What I’ve seen of Anni Albers work has been more focused on her beautiful and complex textiles, so it was fascinating  to see her works on paper, which I find to be just as beautiful and complex. It was also exciting to see one of her larger scale works, “Camino Real,” (1968) in person. To jump from Albers’ drawings and woven works that tend to not surpass about two feet in length, to a larger than life felt tapestry that towers over me was a bit of a shock. But “Camino Real” is breathtaking up close, as one can truly appreciate the painstaking detail put into the design when right in front of it.

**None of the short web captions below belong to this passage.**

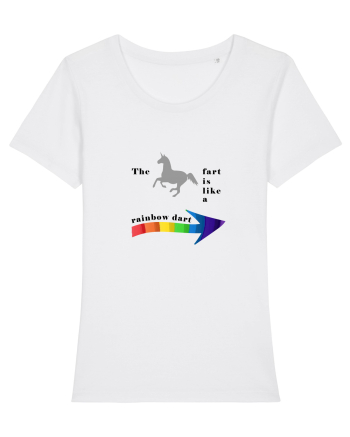 Unicorn rainbow White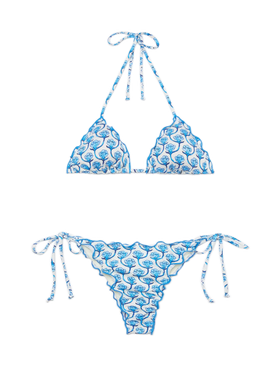 Classic triangle bikini Sagittarius Miami with floral print - MC2 Saint Barth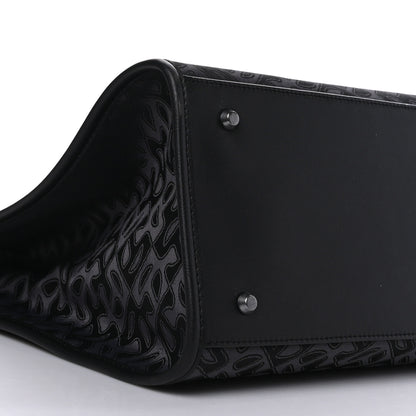 Telfar Monogram Jacquard Large Shopping Bag Black 7 of 8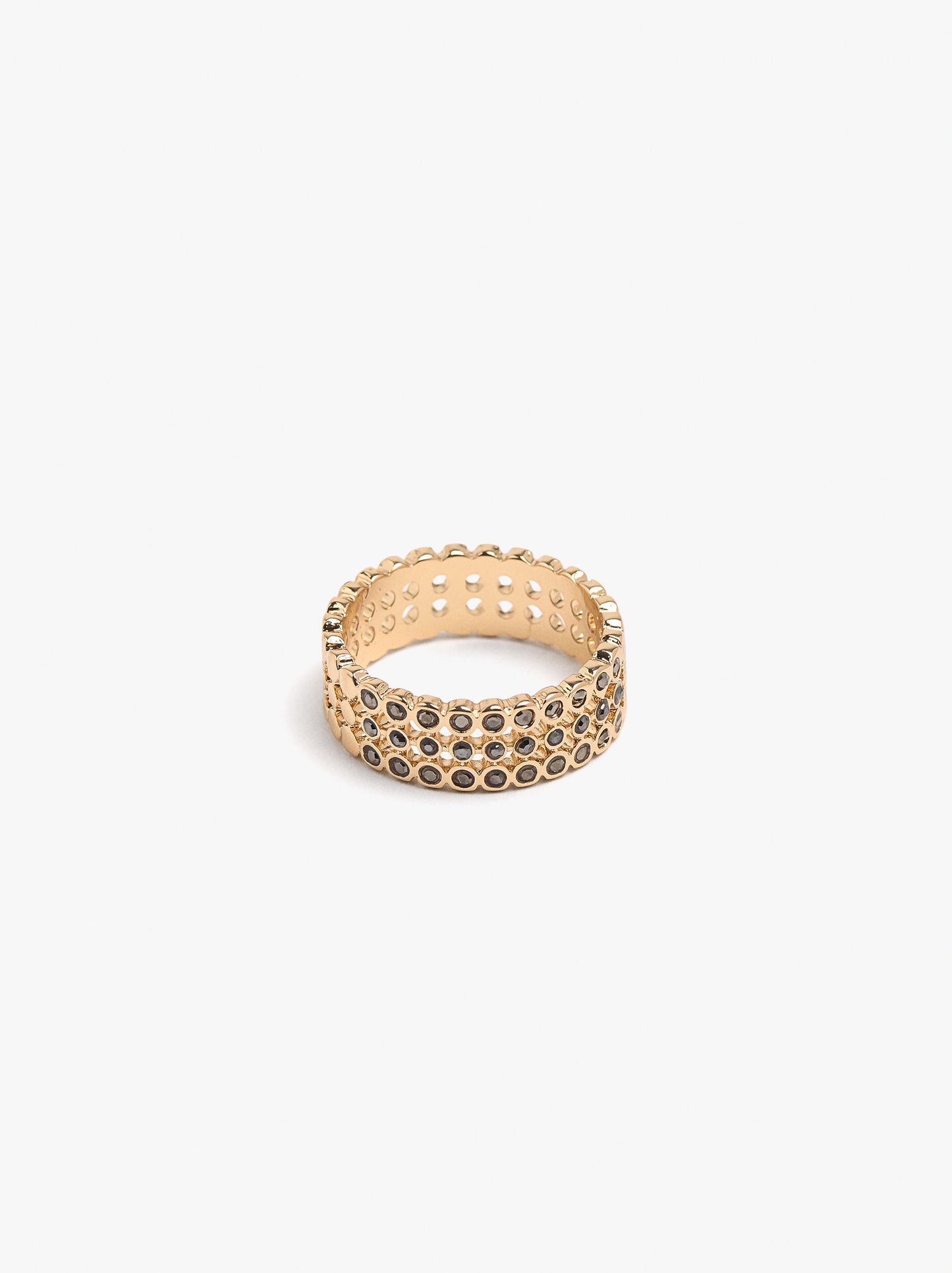 Triple-Effect Ring In 925 Sterling Silver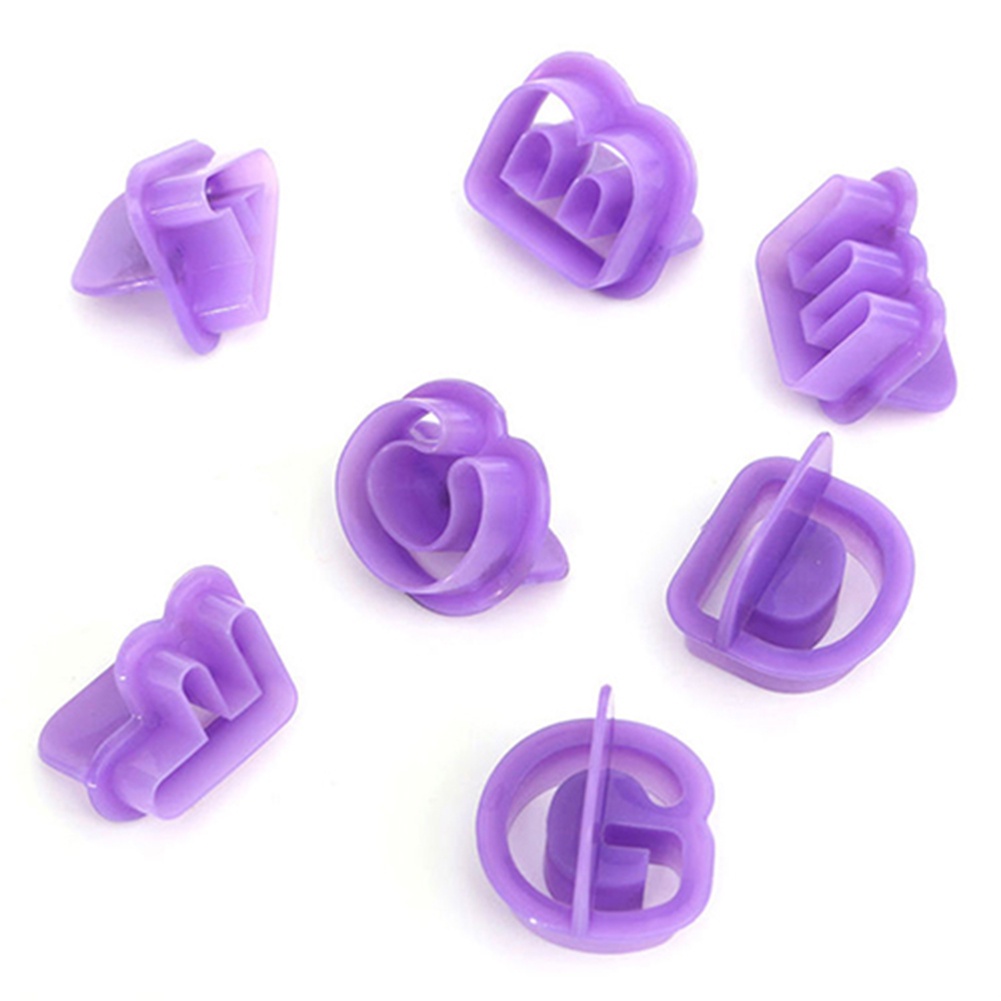 [Jianxin] 40 Pcs Icing Cutter Mold Alphabet Letter Fondant Cake DIY Decorating Mould Set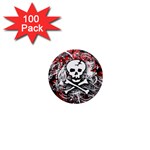 Skull Splatter 1  Mini Button (100 pack) 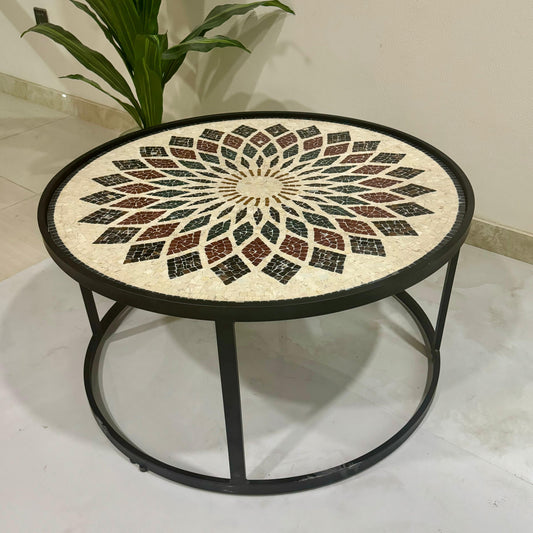 The Artisan’s Signature Mandala Mosaic Center Table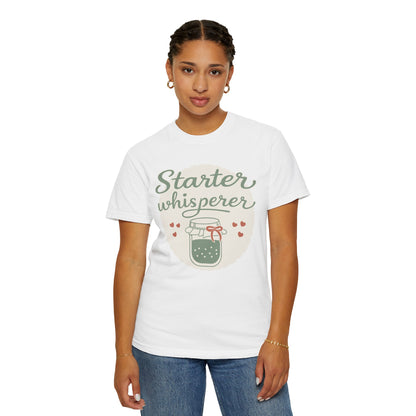 Starter Whisperer T-Shirt — Cute Mason Jar Fermentation Tee for Home Canning & Kombucha Lovers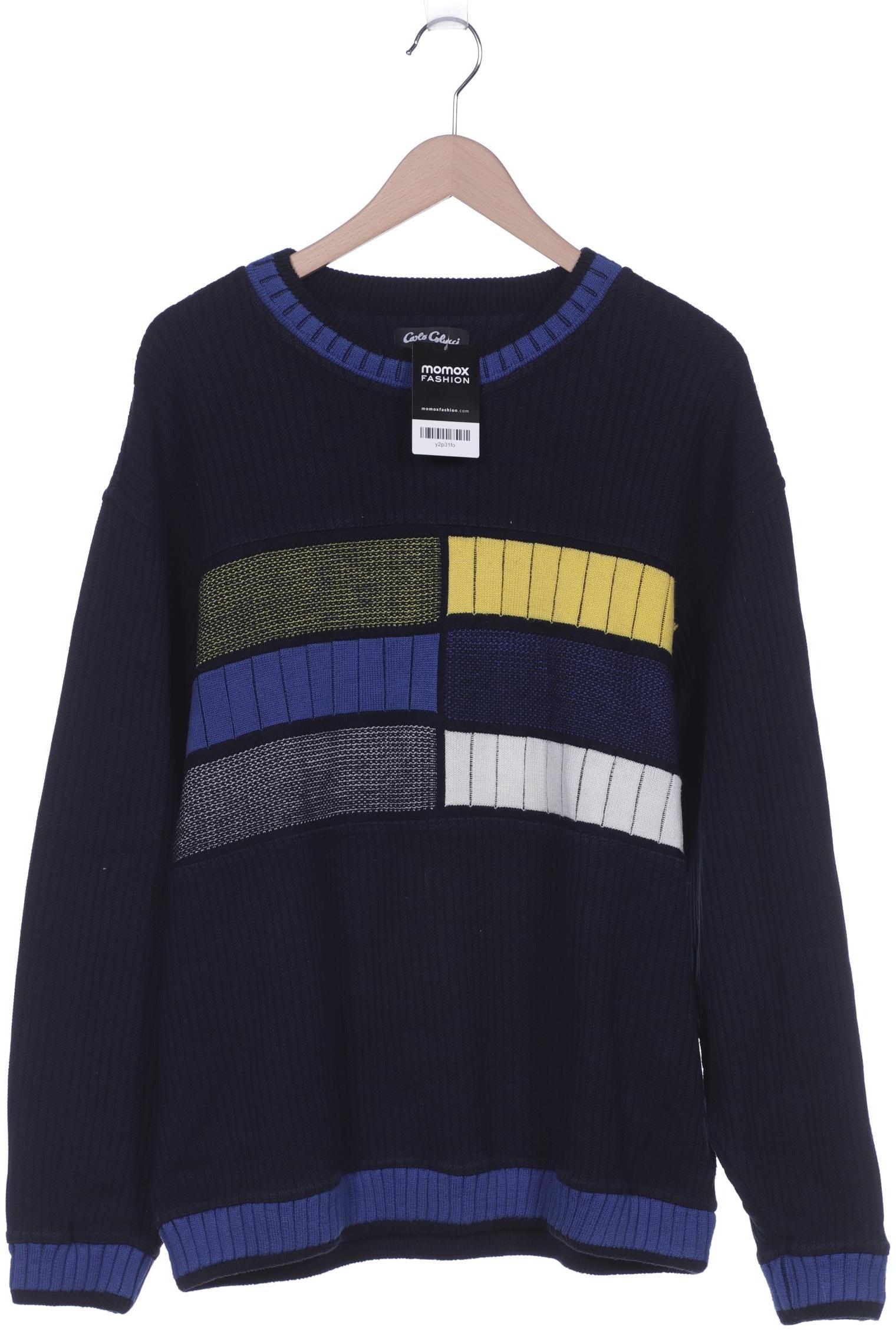 

Carlo Colucci Herren Pullover, marineblau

The Paul Klee exhibit on the second floor was just as good, but sadly I didn’t get much time to really look through his drawings, as we had to leave for the next gallery. The class and I visited the other galleries in this same sort of manner, dipping in for about ten minutes, then leaving quickly to reach the next exhibit down the street. We encountered Richard Serra once more, like we had at Dia:Beacon, with the exception of seeing only one of his ironworks this time. Amy Sherald’s exhibit at the Hauser and Wirth’s Gallery and Gary Hume’s exhibit at the Matthew Marks Gallery were both poignant and heavy with political critique, and both did so in gorgeous (visually and metaphorically) ways. Wael Shawky’s “The Gulf Project Camp” exhibit at Lisson Gallery was absolutely amazing, and perhaps the one I regret most of all, as I barely got to see his collection of works. From the few that I witnessed though, particularly “Carved Wood,” (2019) “Mirror,” (2019) and “Carved Wood (After ‘Hajj, (Panoramic Overview of Mecca’ by Andreas Magnus Hunglinger, 1803),” (2019) I was completely enamored with Shawky’s technique. I have somewhat of a soft spot for historical painting, and the way that Shawky reinvisions the history of his country and does so through eye-catching materials is unforgettable. 

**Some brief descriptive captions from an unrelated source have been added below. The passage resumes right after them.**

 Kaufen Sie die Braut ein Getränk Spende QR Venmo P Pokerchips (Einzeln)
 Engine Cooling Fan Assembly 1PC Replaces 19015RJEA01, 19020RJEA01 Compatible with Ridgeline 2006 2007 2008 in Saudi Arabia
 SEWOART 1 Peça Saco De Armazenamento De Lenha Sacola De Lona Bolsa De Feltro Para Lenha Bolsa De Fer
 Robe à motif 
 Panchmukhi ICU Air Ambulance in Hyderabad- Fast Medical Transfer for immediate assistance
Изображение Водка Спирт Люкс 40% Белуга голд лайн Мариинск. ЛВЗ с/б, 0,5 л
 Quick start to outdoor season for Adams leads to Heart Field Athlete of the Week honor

Paul Chan’s The Bather’s Dilemma exhibit at Greene Naftali Gallery was a much anticipated stop of the day, particularly to see his inflatable sculpture installations. Unfortunately, we didn’t get to spend too much time at the Greene Naftali, seeing as it was the last stop on our trip. But I was able to witness Chan’s fluid, constantly animated sculptures flail and dance all around me, so it is some consolation. The last exhibit I want to mention happened a bit earlier on in the day, but affected me quite strongly, so it gets to be the finale for this journal. Sarah Sze’s solo exhibition at the Tanya Bonakdar Gallery was an immersive experience that was as overwhelming as it was intricate. Sze, as the exhibit’s press release narrates, has dabbled with several mediums throughout her career, and has increasingly turned to the medium that best suits this generation, which is images. And the particular work we saw, “Crescent (Timekeeper)” (2019) was stuffed full of images. 

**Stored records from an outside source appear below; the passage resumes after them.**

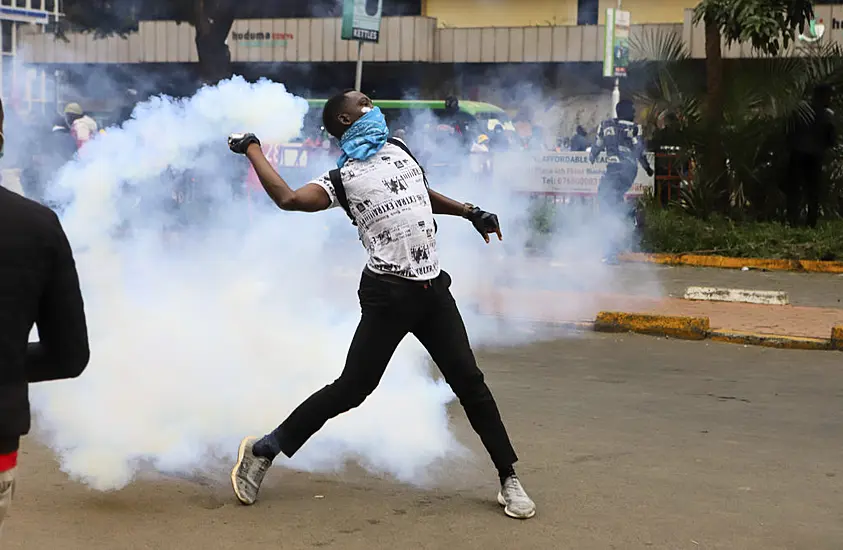 Kenyan Police Fire Blanks To Disperse Protesters Hours After Parliament Breached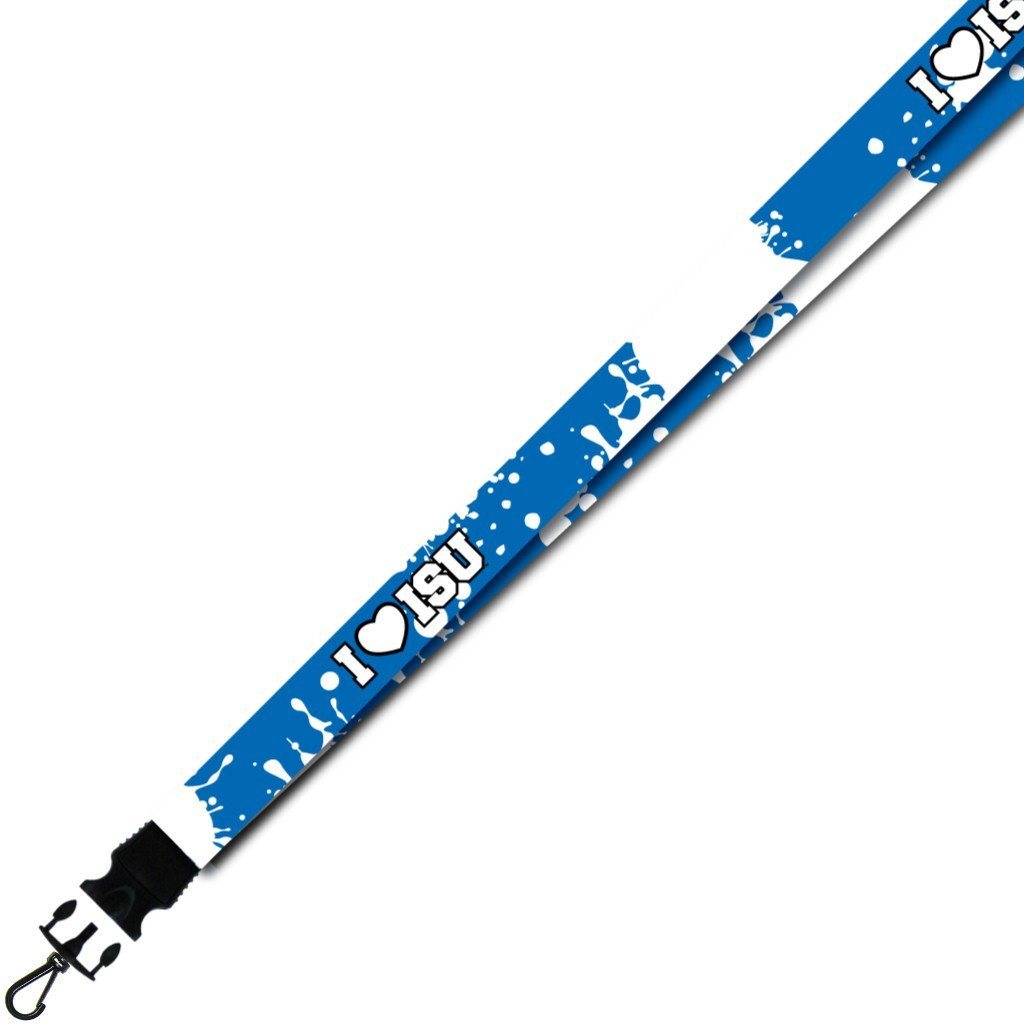 Indiana State University - Lanyard - Paint Splatter Design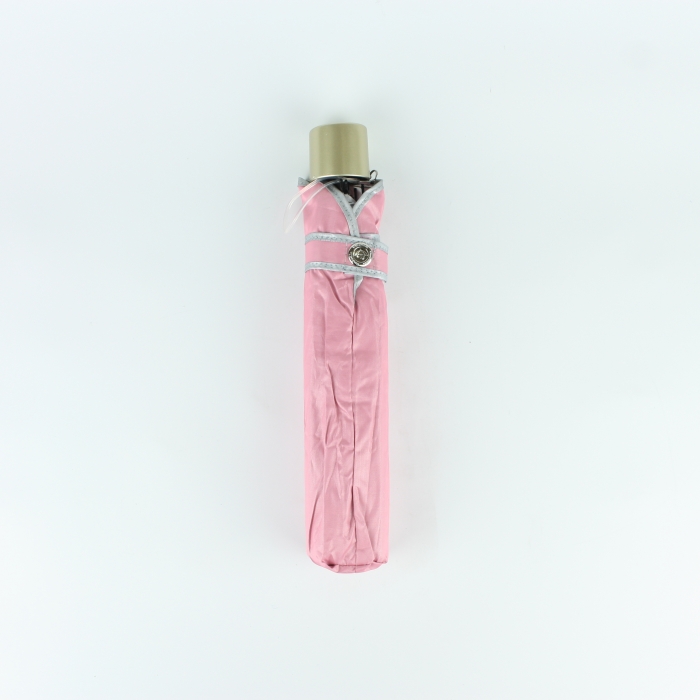 발렌타인 고급 3단우산 핑크 접이식 단색우산 55cm 8K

It was very surreal, and played out like something from a dream. To the left of the room sat this work of scaffolding, lights, trinkets, photos, and other components. Almost like a breadcrumb trail, a path of pictures, small objects, and rocks led the viewer up close to the contraption, which grew more intricate the longer one looked at it. To me, it was almost like a living collage. Projectors installed in an area that I couldn’t see played images and videos on loops, which drifted across the bare walls and pieces of paper worked into the scaffolding. It was complete visual information overload, in a dark room that forced you to return your gaze to the only strong source of light. As Sze intended, which is stated in the press release, the snippets of imagery led the viewer to piece together their own narrative of what they were seeing.  An intriguing aspect which I’d like to hope was part of the exhibit’s design, is the Kara Walker-esque inclusion of the viewer’s shadow within the work. I felt like an infant, with thousands upon thousands of images barraging me and no context to any of them. Despite being overwhelming, I thought “Crescent (Timekeeper)” was marvelous, and I definitely would visit Sze’s gallery to see it again. Our trip for this week, like Sze’s installation, zipped past in flashes, but made an impression nonetheless.